Do the elderly live with their families or do they live alone in nursing homes? I read that three generations of a family may share the same apartment. – Patty Edwards, Ventura, Calif.
Housing was one of the biggest problems in Soviet Russia, and is today. People must wait to get a government-owned apartment. Only the wealthy can afford to buy one, so many people must live with their parents. Nursing homes are for those who either have no relatives, or no one to take care of them. In the Soviet years, there were communal apartments where two, three, four or more families shared one apartment. You still find several generations sharing one apartment. On the floor above mine, there lives a husband and wife and two adult children in one small two-room apartment. Ours is a condominium. It’s almost the same on the floor below, only the children are small. In Moscow the percentage of communal apartments is still significant.
I’m interested in the awful terrorist bombings that happened in Moscow three years ago. – Patty Edwards, Ventura, Calif.
There were three terrorist bombings, one in the underpass on Pushkin Square, and two in apartment buildings, one of which was eight stories high. Two hundred and ninety people were killed and about the same number wounded in the apartment building bombings. In the underpass on Pushkin Square, two men left a briefcase and a shopping bag filled with explosives. Thirteen people were killed and 118 wounded, among them two American citizens. Russian and American security organizations worked together to find the perpetrators of the terrorist act. The victims received financial aid from the government. In Moscow, several Wahabi members have been arrested and accused of bombing the Moscow buildings. One of the suspected perpetrators said the bombings were done on orders from Chechen field commander Khattab. But the top authority accused of ordering them was Sheik Abu Umar, who headed the terrorist training camps.
What is your favorite Russian proverb? – Patty Edwards, Ventura, Calif.
I don’t really have a favorite proverb. There is one that is common to both English and Russian: He who laughs last, laughs best. Here are a few more: The slower you go, the further you get. Only the grave will cure a hunchback. You reap what you’ve sown. Patience and labor will overcome all. And finally: Don’t blame the mirror if your mug is crooked!
How many policemen are there in Russia? How much are they paid? – Alan Kevan, Dumfries, U.K.
There are 330,000 policemen in Russia, which means that there are 2.2 policemen for every 1,000 people. This figure is about equal to the U.S. I should add, however, that we also have a Home Service Army Force that can come to the aid of the police at any given time. Our press notes that if you call the police in the U.S. they come immediately. That is not always the case here.
Regarding their salaries, a lieutenant used to earn 2500 rubles a month, but now makes about 3500-4000 rubles or $110-$126 monthly. This salary is nothing to write home about.
Tell me about the recent book by Vladimir Voinovich, which is critical of Solzhenitsyn. – William Kerr, Halifax, Nova Scotia, Canada.

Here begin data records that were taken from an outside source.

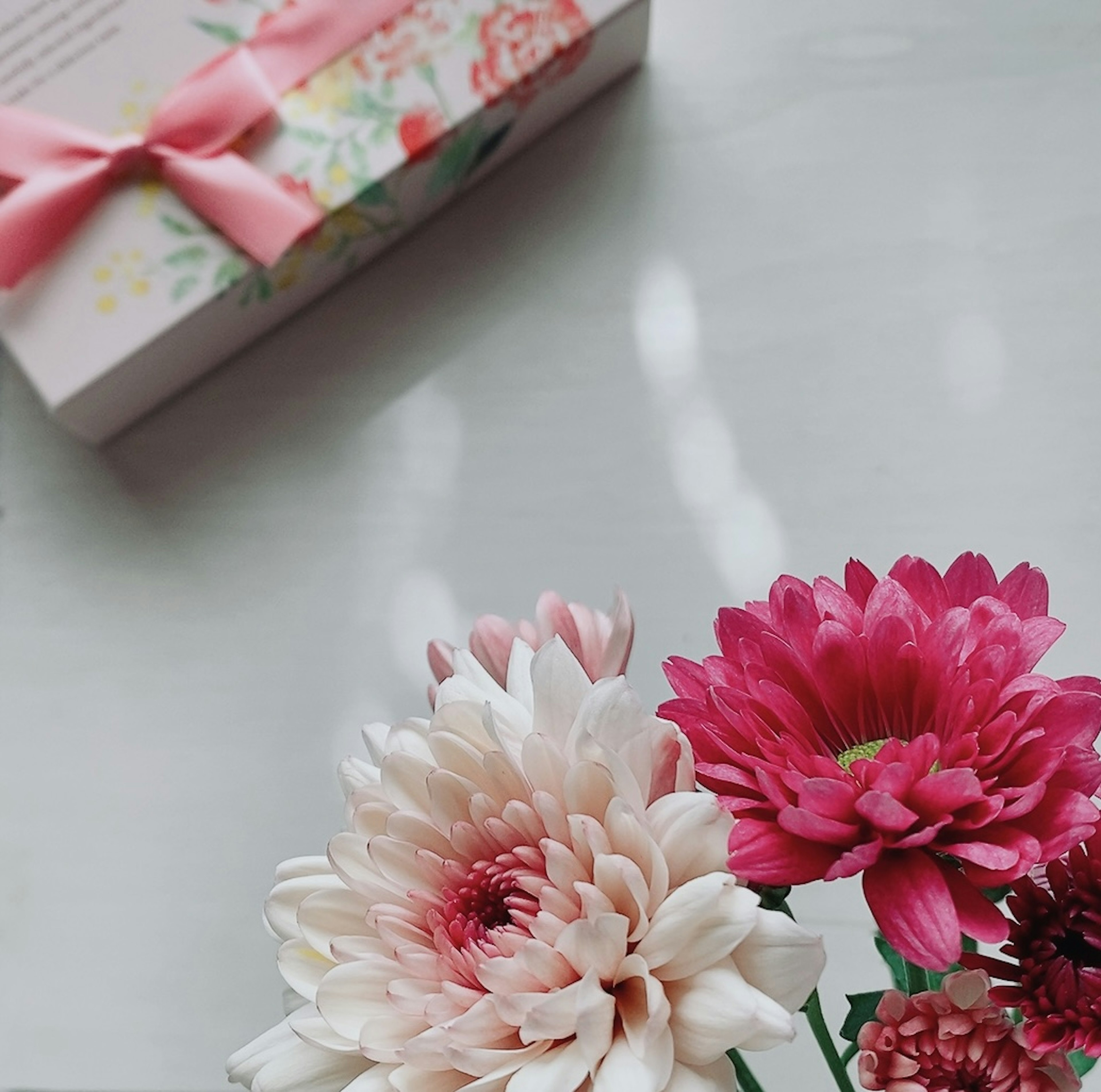 Beautiful arrangement of flowers with a gift box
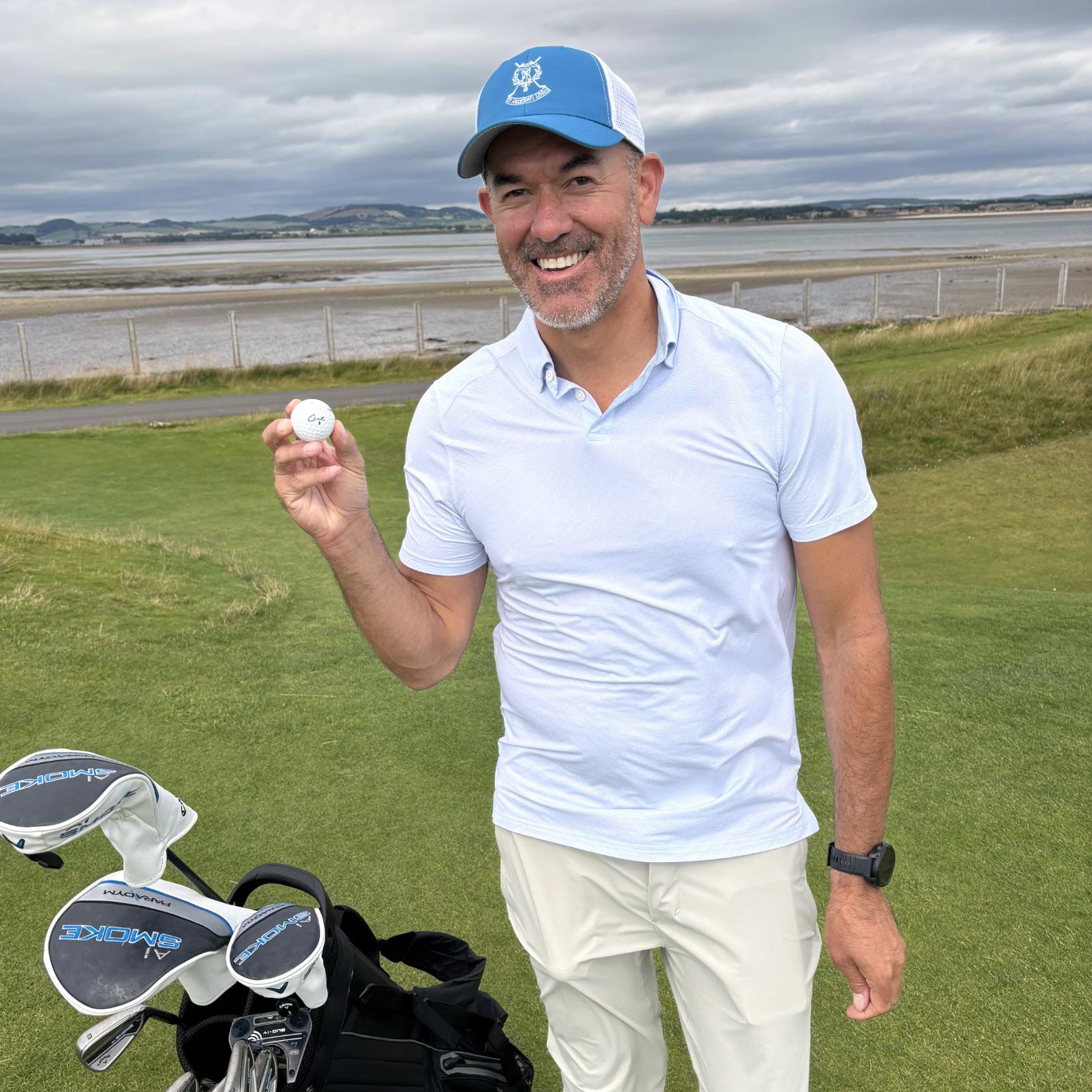 Golfer Holding a Cut Red 2 Piece Golf Ball at St Andrews Golf Course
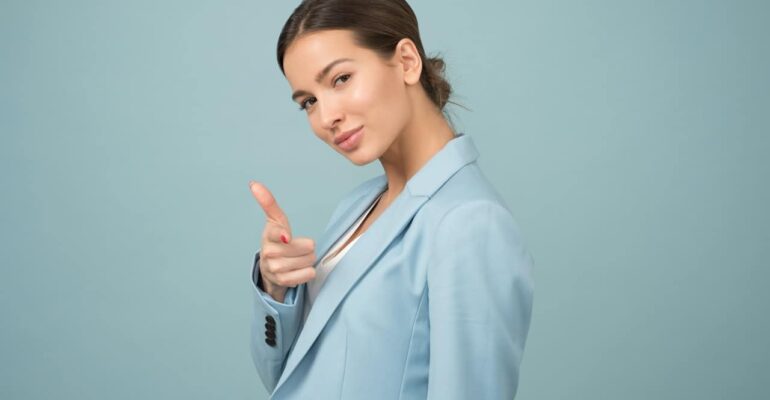 a woman in a light blue blazer feeling confident smiling at the camera and pointing her index finger at the camera with blue background behind her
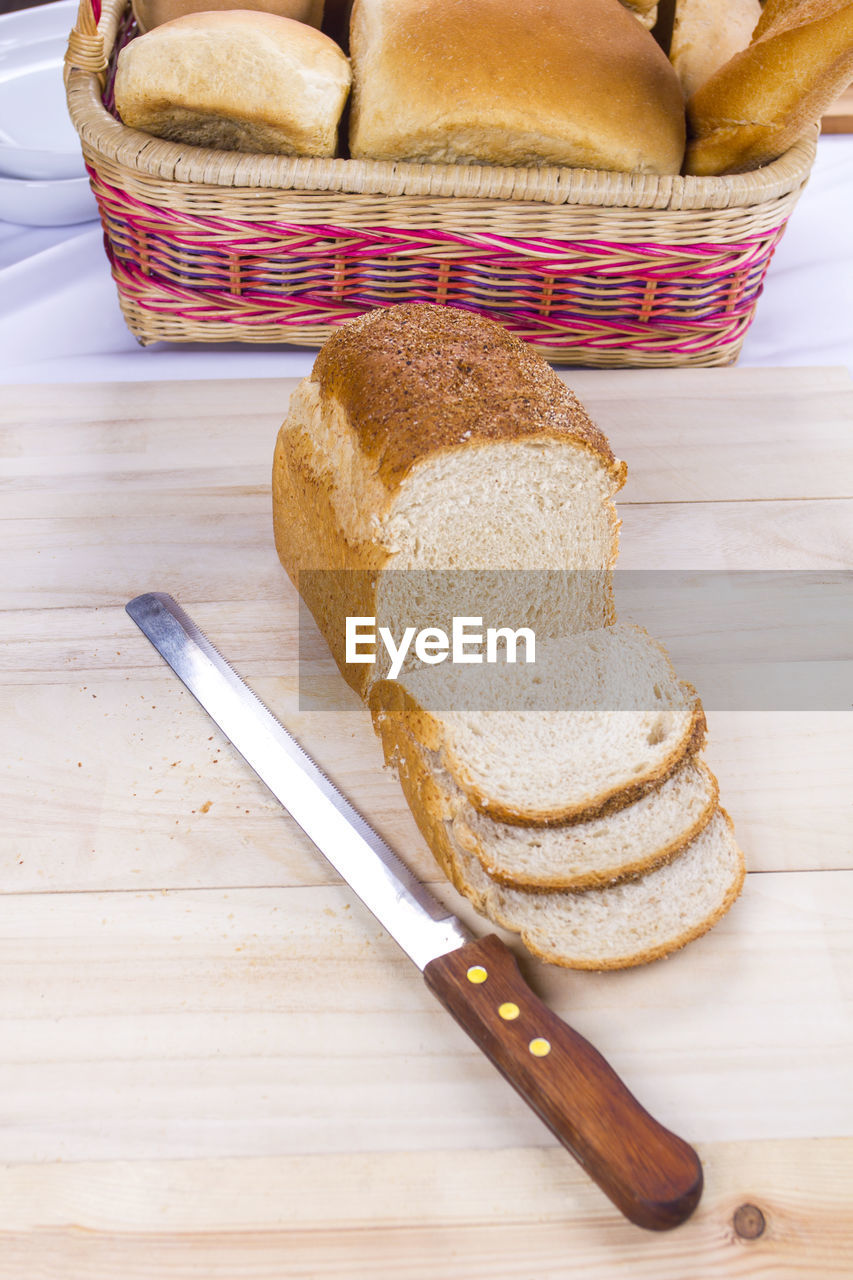 High angle view of fresh sliced breads with knife on table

The book by Voinovich is called "A Portrait on the Background of a Myth." In his time, Voinovich was expelled from the Writers’ Union and his books were forbidden in the Soviet Union. There is nothing new in the book. When Solzhenitsyn crossed Russia from one end to the other by rail and described all his meetings along the way, people applauded. Today, this irritates people. Voinovich does not deny the merits of "Gulag Archipelago," but says it should be analyzed again. Voinovich argues that Solzhenitsyn’s books are uninteresting, that they are commonplace platitudes. In fact, they are boring. I cannot but agree with that, though some will say that his volumes are equal to Shakespeare. Some consider him a writer equal to Leo Tolstoy. I would say this is not so. William, I have read Gulag Archipelago. I give Solzhenitsyn credit for disclosing the horrors and brutality of the Gulag camps, and I am not a literary critic. But in my opinion this is not a literary work. It reads like a boring document out of the KGB archives. This is no exaggeration. I could not get further than the middle of the book. It is a statistical collection of facts, not the work of a national writer –least of all a classic.